For switching between single-instance and multi-instance training, it's just to change the value of instance_count parameter in sagemaker.pytorch.PyTorch class instantiation.

single-instance training endpoint single_instance_endpoint

multi-instance training endpoint multi_instance_endpoint

EC2 Training

The next step is to set up an EC2 instance and accomplish model training there.

We create an EC2 instance and connect to it. We have a typical task which needs a balance of time, computation and networking resources. As described in here and here, then we can choose a general purpose instance. Among these instances, I chose ml.m5.xlarge instance type due to its acceptable time processing and resource consumption and shining former experience I had when I was working with.
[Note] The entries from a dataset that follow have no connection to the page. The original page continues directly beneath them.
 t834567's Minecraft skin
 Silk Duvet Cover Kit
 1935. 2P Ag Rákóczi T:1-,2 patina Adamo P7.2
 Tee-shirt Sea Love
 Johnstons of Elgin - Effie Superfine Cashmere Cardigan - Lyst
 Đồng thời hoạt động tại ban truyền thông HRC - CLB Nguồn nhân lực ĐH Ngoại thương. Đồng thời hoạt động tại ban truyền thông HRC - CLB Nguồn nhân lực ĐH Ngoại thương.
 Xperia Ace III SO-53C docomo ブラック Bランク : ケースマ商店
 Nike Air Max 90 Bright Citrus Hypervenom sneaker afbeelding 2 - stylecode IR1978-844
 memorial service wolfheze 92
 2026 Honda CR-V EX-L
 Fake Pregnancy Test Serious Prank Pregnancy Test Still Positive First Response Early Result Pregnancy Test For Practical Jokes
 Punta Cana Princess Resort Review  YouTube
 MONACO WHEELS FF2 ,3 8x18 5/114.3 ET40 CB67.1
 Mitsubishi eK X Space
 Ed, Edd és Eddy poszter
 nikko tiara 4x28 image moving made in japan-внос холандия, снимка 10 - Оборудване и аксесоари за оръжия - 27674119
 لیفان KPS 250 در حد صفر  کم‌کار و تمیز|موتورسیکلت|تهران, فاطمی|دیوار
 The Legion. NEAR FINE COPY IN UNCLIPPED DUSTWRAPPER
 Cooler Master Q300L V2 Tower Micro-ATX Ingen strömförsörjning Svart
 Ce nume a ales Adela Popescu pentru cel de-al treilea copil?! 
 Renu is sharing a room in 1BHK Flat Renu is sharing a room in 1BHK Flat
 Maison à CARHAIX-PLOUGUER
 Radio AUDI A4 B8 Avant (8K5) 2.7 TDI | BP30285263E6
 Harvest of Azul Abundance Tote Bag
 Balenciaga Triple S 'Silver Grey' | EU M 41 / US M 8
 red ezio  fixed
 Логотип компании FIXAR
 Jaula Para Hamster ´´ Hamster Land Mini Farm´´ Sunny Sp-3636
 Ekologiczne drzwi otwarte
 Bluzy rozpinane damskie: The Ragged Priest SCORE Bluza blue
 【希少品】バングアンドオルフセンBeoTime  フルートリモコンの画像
After we've connected to the instance, obtain the data we need for training, by running the following two commands in our EC2 terminal:

wget https://s3-us-west-1.amazonaws.com/udacity-aind/dog-project/dogImages.zip
unzip dogImages.zip
mkdir TrainedModels
nano solution.py
# TODO: Paste all of the code from the starter file called ec2train1.py into this file. After that, save and close the 
# file.
python solution.py

As we can see in the screenshot below, the mode is trained and saved into TrainedModels directory.

ec2_model_output

Setting up a Lambda function

After training and deploying our model, setting up a Lambda function is an important next step. Lambda functions enable our model and its inferences to be accessed by API's and other programs, so it's a crucial part of production deployment.

We need to set up a Lambda function that uses Python 3 for its runtime.lambdafunction.py contains the logic of the Lambda function with an endpoint corresponds to single-instance/multi-instance training.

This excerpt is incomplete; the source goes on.